WASHINGTON -- If you care about politics and spend a fair amount of time online, odds are good that sometime between 5 p.m. and 7:30 p.m. Eastern time on Tuesday, you will encounter someone sharing leaked "exit poll" numbers that purport to tell you who will win various battleground states.
It may be tempting to assume the numbers will tell you who is going to win the presidential election.
They probably won't.
Hard as it may be, you should try to ignore them, at least until the polls close. And even then, take the underlying vote estimates with big grains of salt.
But let's first stipulate that once weighted to match the actual outcome, exit polls are an incredibly valuable resource. Conducted every two years by Edison Research for the National Election Pool partnership of ABC, CBS, CNN, Fox, NBC and the Associated Press, the exit polls are easily the best measure available of who voted for each candidate and why.

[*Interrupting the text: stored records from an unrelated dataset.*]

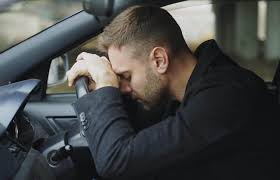 You can get a commercial vehicle loan at a low interest if your profile matches with the criteria put forward by the lenders. How To Get Out Of A Car Loan You Can T Afford
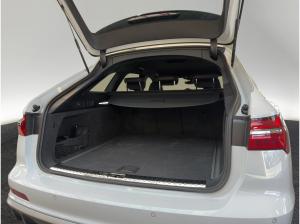 Audi S6 Avant 55 TDI qu. Head-Up AHK HD Matrix Luft B&O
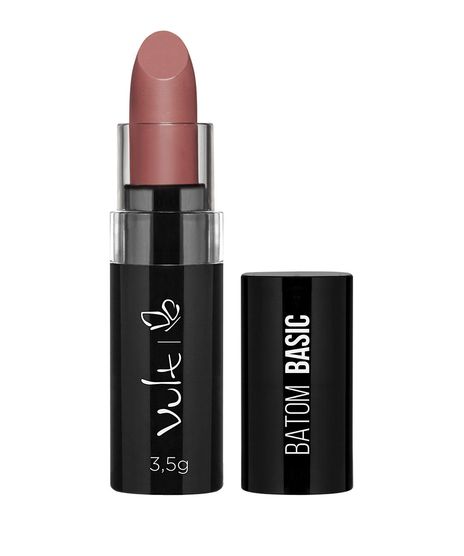 Batom-Basic-Vult-Cor-10---35g-unico-9848737-Unico_1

So it was for good reason that many political junkies expressed disappointment when news spread that the National Election Pool will only conduct complete exit polls in 31 states this year, down from the usual 50. In recent years, these surveys have become far more expensive, as the rise in early voting created the need for parallel telephone surveys to measure the preferences of early voters.
But as tools to predict the outcome of close races just before the polls close, they are blunt instruments at best. Here's why:
First, an exit poll is just a survey. Like other polls, it is subject to random sampling error, so differences of a few percentage points between the candidates in any given state sample are not terribly meaningful.
Second, the networks almost never "call" truly competitive races on exit poll results alone. The decision desk analysts require very high statistical confidence (at least 99.5 percent) before they will consider calling a winner (the ordinary "margin of error" on pre-election polls typically uses a 95 percent confidence level). They usually only achieve that confidence for relatively close races after the exit pollsters obtain the actual vote results from the randomly selected precincts at which interviews were completed (and from other larger random samples of precincts) and combine all of the data into some very sophisticated statistical models.
Even then, if the models project that the leading candidates are separated by just a few percentage points, as pre-election polls suggest they will be in all of the key battleground states, the networks will usually wait until nearly all votes are counted to project a winner.
Third, the initial results of the exit poll interviews have had frequent problems with non-response bias, a consistent discrepancy favoring the Democrats that has appeared to some degree in every presidential election since 1988. Usually the bias is small, but in 2004 it was just big enough to convince millions of Americans who saw the leaked results on the Internet that John Kerry would defeat George W. Bush. It didn't work out that way.
The resulting uproar led the networks, beginning in 2006, to hold back the data from their news media clients in a sealed quarantine room on Election Day until 5 p.m. Eastern time. The quarantine means that any numbers purporting to be "exit polls" before 5 p.m. are almost certainly bogus.
To try to minimize the potential errors, the networks often weight the first official tabulations they post on their websites to an estimate of the outcome (called the "composite") that combines responses to the exit poll interviews with the averages of pre-election polls (like those reported by HuffPost Pollster).
But that process is imperfect and does not remove either the random error or the initial statistical bias that often favors Democrats. Four years ago, on Pollster.com, we gathered all of the official tabulations posted as polls closed and extrapolated the underlying estimates of the outcome for each state. When later compared against the final vote counts in each state, we found that the initial estimates had overstated Barack Obama's margins by an average of 4.7 percentage points.
Does that mean that we can just subtract four or five points from Obama-minus-Romney margin and get a more precise estimate of the outcome? Nope. First, 4.7 was an average. The errors in individual states varied widely from 16-point overstatement on the margin favoring Obama to a 5.5-point error favoring John McCain, with misses spread across the spectrum in between.
Also, there is no guarantee that the 2008 errors will repeat at the same magnitude or that the exit pollsters have not made some adjustment this year to correct for past problem. Keep in mind that these issues do not lead to missed calls, both because the decision desk analysts are aware of them and because they have the ability to estimate and correct the errors in near-real time, as they systematically compare the incoming vote returns from the sampled precincts to the exit poll responses gathered from them.
Those of us seeing leaked data, however, see neither the running calculations of the precinct errors nor the levels of statistical confidence associated with the vote numbers. We see only precise-looking percentages and are oblivious to the potential for error.
As one pundit put it four years ago, the exit polls "have become crack cocaine for political junkies looking to score on Election Day." We would be better off, he said, if we relied on the exit polls for "their original purpose, explaining who did what and why, rather than trying to forecast what will be widely known anyway in just a few hours."